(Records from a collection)
• • • • • • •

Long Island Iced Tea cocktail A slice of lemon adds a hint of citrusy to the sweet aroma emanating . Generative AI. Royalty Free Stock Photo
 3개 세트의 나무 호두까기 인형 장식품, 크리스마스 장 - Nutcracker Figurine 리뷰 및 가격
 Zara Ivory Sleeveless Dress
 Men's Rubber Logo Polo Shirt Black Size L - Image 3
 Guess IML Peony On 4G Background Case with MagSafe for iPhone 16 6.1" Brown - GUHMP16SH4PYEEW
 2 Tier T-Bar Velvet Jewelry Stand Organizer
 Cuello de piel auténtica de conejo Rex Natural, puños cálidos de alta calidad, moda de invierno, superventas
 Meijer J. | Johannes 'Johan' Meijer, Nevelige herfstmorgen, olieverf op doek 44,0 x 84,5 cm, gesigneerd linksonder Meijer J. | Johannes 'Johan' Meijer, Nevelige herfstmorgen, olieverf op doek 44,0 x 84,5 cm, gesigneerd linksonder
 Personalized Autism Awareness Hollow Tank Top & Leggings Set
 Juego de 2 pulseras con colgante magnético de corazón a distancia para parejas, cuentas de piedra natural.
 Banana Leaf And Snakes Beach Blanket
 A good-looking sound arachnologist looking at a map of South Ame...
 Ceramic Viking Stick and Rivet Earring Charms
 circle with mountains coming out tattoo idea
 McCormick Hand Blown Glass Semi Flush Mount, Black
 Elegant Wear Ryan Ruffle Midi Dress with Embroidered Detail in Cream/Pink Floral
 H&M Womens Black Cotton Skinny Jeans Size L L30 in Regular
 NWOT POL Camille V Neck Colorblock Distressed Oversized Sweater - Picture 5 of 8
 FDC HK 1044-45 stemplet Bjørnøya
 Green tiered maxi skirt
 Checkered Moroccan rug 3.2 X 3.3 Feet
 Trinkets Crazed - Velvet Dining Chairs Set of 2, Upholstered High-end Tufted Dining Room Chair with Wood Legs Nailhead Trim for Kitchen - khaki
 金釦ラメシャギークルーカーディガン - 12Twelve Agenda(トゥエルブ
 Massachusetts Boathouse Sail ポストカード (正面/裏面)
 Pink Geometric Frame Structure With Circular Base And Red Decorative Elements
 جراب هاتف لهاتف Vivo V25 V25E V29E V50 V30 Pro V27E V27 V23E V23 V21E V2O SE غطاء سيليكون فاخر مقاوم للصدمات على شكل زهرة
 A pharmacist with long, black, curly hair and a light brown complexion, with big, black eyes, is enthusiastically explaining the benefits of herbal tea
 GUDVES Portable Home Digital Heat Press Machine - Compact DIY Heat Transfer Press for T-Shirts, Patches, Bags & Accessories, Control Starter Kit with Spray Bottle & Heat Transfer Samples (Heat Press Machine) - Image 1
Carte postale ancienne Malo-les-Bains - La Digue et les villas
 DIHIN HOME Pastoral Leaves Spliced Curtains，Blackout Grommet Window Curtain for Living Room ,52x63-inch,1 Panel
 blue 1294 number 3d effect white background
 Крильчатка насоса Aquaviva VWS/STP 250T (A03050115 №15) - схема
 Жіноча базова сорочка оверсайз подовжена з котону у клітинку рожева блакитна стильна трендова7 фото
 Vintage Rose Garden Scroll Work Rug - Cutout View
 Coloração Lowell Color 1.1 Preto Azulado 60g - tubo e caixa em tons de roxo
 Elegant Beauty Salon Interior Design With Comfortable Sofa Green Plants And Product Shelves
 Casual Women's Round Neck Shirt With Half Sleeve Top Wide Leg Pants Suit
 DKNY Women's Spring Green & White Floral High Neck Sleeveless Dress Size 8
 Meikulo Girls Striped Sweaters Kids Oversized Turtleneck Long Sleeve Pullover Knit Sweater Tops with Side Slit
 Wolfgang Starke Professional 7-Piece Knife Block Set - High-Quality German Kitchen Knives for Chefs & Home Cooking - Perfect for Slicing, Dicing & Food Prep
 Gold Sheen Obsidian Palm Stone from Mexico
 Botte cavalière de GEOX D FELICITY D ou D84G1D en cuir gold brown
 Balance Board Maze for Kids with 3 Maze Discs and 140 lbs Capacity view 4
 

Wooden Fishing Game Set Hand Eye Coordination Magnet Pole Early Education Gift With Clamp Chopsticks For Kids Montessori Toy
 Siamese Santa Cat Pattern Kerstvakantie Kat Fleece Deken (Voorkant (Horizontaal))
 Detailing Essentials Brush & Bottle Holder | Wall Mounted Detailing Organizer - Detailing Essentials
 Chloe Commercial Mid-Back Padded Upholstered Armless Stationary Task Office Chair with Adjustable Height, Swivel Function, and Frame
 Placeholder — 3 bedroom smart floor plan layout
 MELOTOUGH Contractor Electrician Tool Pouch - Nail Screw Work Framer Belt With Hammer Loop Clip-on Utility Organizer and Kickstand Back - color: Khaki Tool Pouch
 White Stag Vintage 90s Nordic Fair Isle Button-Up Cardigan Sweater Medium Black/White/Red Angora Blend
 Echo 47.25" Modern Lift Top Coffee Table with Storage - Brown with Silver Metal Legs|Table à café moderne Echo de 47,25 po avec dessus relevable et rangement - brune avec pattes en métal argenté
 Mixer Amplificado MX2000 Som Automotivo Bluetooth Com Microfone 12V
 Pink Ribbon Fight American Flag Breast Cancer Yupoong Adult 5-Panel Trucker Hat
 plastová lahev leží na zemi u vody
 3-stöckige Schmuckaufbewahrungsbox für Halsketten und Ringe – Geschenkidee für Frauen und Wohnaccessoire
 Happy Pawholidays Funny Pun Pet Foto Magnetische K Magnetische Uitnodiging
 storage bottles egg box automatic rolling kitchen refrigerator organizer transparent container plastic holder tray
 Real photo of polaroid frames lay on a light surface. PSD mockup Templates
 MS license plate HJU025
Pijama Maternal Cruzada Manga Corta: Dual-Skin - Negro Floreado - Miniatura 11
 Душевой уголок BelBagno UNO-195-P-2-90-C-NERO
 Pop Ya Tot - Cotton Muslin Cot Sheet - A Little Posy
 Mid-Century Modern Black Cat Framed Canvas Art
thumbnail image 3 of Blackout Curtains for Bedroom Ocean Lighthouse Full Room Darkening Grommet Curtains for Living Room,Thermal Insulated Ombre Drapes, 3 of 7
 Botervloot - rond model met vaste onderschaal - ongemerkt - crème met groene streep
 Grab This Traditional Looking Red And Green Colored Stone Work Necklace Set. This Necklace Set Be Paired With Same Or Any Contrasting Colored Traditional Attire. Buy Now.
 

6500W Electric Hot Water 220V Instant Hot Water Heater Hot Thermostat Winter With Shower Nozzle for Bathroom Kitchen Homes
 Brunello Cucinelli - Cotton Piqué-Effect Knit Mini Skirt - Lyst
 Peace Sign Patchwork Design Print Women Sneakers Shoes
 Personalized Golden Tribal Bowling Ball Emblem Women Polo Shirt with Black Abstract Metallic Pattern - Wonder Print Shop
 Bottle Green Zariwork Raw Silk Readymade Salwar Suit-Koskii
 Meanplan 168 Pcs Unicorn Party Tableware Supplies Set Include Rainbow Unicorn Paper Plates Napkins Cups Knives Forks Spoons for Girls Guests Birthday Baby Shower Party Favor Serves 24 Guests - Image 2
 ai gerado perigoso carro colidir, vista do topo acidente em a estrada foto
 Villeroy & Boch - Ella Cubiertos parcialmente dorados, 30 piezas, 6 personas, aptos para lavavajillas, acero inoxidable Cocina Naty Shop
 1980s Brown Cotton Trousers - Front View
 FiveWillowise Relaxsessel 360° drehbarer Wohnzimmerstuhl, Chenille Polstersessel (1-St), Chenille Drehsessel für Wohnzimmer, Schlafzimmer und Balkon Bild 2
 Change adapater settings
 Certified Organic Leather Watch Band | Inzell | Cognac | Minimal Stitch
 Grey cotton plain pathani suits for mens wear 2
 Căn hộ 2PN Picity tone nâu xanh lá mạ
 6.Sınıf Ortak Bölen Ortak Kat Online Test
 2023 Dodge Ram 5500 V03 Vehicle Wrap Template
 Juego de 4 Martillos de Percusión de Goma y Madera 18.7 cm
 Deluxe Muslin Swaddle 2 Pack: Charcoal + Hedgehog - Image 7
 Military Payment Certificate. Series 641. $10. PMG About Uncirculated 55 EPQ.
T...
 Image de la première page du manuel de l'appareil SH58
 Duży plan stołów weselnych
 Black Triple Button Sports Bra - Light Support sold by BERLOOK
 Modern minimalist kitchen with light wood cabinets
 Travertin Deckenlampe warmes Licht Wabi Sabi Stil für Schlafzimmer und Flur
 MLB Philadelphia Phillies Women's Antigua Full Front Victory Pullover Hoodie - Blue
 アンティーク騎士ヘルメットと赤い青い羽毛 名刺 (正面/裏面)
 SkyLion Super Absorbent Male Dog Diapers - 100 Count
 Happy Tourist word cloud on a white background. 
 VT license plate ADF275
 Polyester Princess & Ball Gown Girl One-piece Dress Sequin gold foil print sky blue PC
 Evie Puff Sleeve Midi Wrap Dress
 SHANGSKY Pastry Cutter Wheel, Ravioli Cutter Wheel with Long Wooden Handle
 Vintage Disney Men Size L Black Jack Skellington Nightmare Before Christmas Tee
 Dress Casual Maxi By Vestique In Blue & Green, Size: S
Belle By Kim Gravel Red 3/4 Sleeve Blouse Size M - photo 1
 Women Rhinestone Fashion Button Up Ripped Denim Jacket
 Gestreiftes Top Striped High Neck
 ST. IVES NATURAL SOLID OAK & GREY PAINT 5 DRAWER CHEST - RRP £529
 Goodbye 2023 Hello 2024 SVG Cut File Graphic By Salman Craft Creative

• • • • • • •

**ASSIGNMENT**
Copy out every line from the data above that has "Schlafzimmer" in it.

**EXERCISE ANSWER**
 FiveWillowise Relaxsessel 360° drehbarer Wohnzimmerstuhl, Chenille Polstersessel (1-St), Chenille Drehsessel für Wohnzimmer, Schlafzimmer und Balkon Bild 2
 Travertin Deckenlampe warmes Licht Wabi Sabi Stil für Schlafzimmer und Flur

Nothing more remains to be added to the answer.